_TASK OBJECTIVE_: Line by line, copy the listing below exactly.
*** DATASET CONTENT ***
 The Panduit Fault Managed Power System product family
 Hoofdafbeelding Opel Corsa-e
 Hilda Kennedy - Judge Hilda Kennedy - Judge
***
_SOLUTION_:
 The Panduit Fault Managed Power System product family
 Hoofdafbeelding Opel Corsa-e
 Hilda Kennedy - Judge Hilda Kennedy - Judge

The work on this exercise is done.